THE CITY OF THE DEAD (1960)

In an astonishing final sequence, Tom Naylor uproots a graveyard cross and stumbles toward an intended sacrifice; as the shadow of the cross falls upon cowled satanic acolytes, they combust.

IN 1692 the small village of Whitewood, Massachusetts, sees the burning of Elizabeth Selwyn (Patricia Jessel) and consort Jethro Keene (Valentine Dyall) for witchcraft. Jumping to the modern day, Professor Driscoll (Christopher Lee) recommends his hometown of Whitewood as an ideal place for student Nan Barlow (Venetia Stevenson) to research her paper on the black arts. Staying at the Ravens Inn Hotel - which is managed by Mrs Newless (also played by Jessel) at the exact spot where the burnings took place - Nan discovers that all the other guests only appear as darkness falls, hears chanting beneath the floorboards of her room, and is abducted into the catacombs. Nan’s brother Richard (Dennis Lotis) and her boyfriend Bill (Tom Naylor) investigate her disappearance; while Bill suffers a car accident and remains on the sidelines, Richard meets Patricia (Betta St. John), the daughter of the aging local Reverend (Norman Macowan), and discovers that Selwyn still presides over a coven in the locale.

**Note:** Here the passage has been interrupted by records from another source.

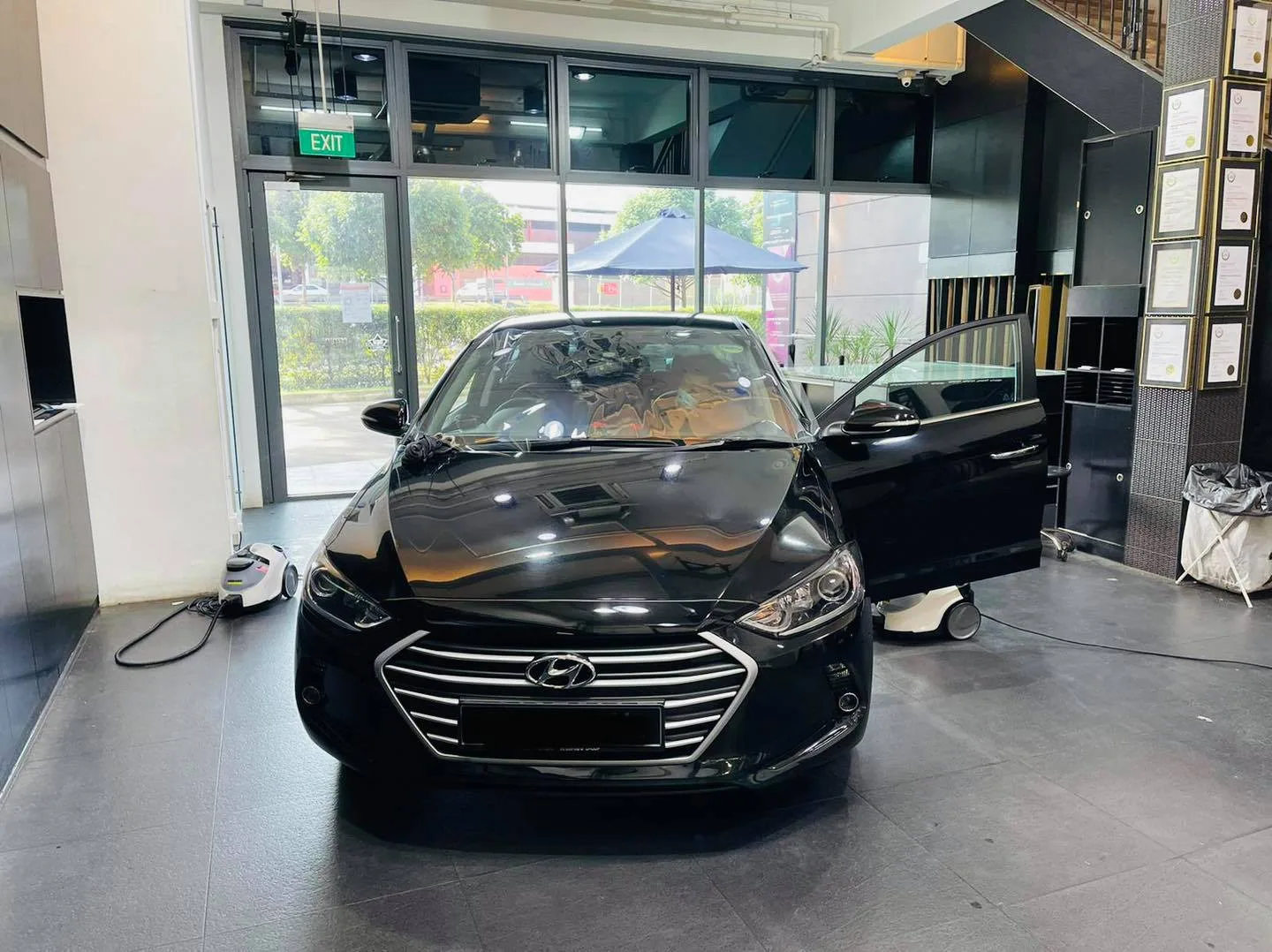 Black Hyundai Elantra viewed head-on inside the Infratint Singapore showroom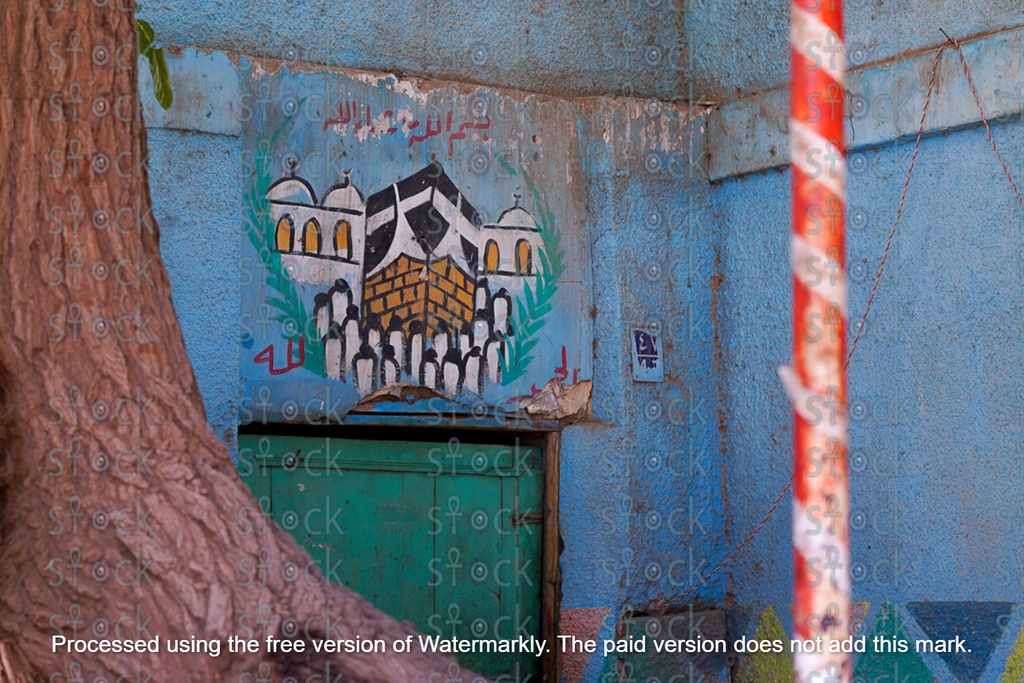 Drawing the Holy Kaaba on the walls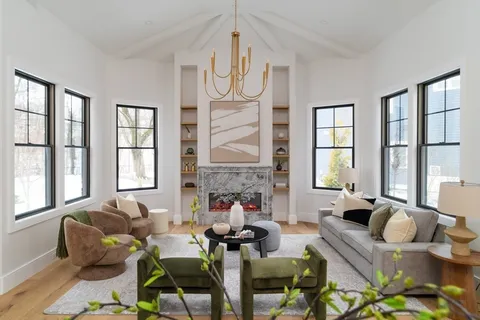 a living room with fireplace furniture and a large window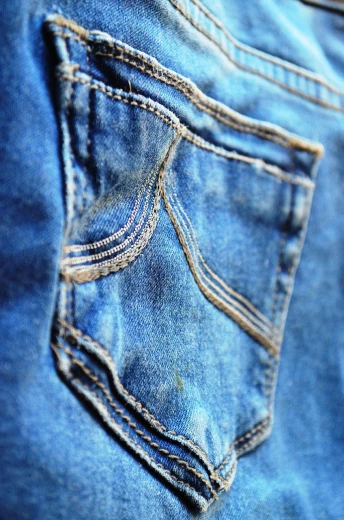 a close up of a pocket of a pair of jeans, a macro photograph, happening, taken with a pentax1000, high details photo, warm sunshine, blue clothes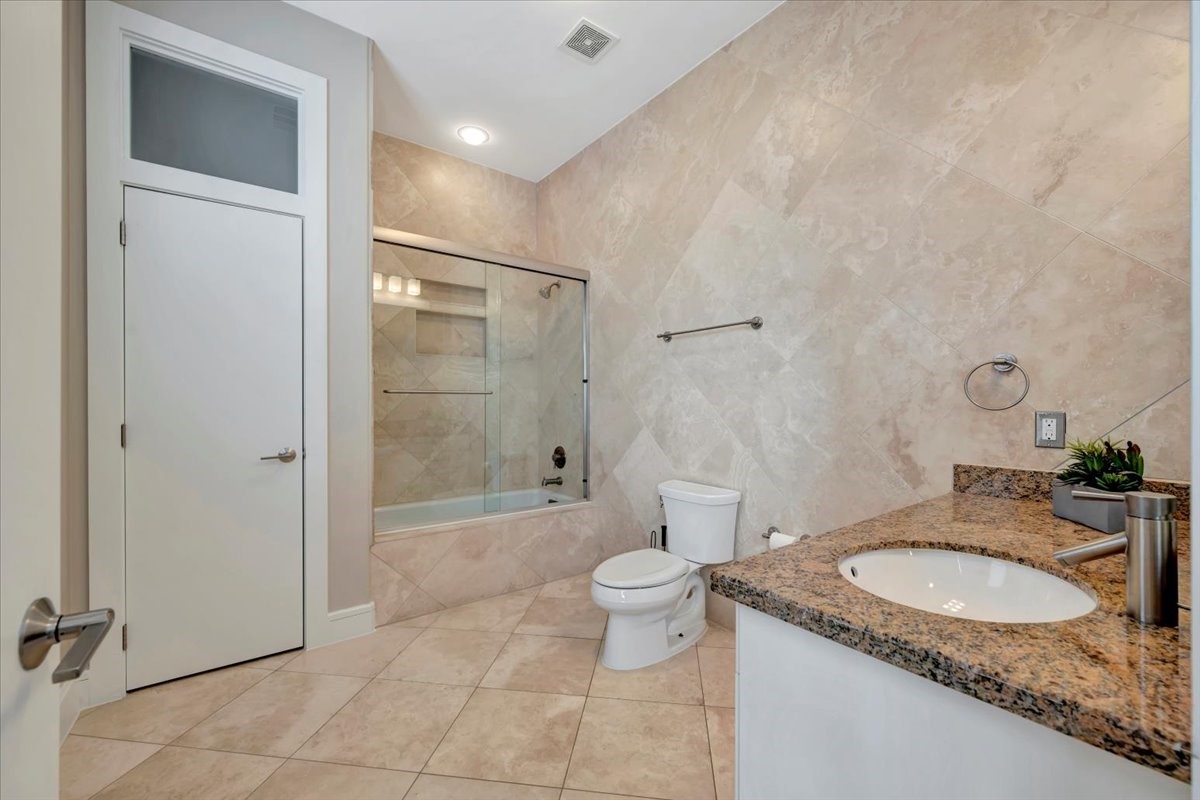 1202 Todville Road Seabrook, TX 77586 - Photo 20 of 45 A luxurious bathroom featuring travertine tiles on both the floors and walls, beautifully surrounding a sleek tub and shower combo for a cohesive and spa-like design.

Working alongside British company Vulcan, Americans Milton Subotsky (who co-produces and provides the treatment) and partner Max J. Rosenberg would later found Amicus, and many horror historians look upon THE CITY OF THE DEAD as the first unofficial Amicus release. If only that studio continued with such quality; amusingly Driscoll states early on "the basis of fairy tales is reality, basis of reality is fairy tales," which acts as a much more apt mandate for Subotsky's later films of the fantastic. At a time when Hammer had established the colour period horror film, THE CITY OF THE DEAD is a present era monochrome gem, drawing from the stage bound atmospherics of Val Lewton. Consequently, the film exists in a TWILIGHT ZONE-like alternative universe, directed with finesse by John Moxey, who is greatly assisted by the atmospheric photography of Desmond Dickinson. On the down side the picture suffers from laden performances and Ken Jones' jarringly inappropriate partial jazz score.

Released in America as HORROR HOTEL with the tag "just ring for Doom Service!," this seemingly acknowledged the film's narrative similarities to PSYCHO. A hit in Britain, the black and white film suffered in the US, with the distributor cutting the picture and inserting 3-D footage from Julian Roffman's THE MASK.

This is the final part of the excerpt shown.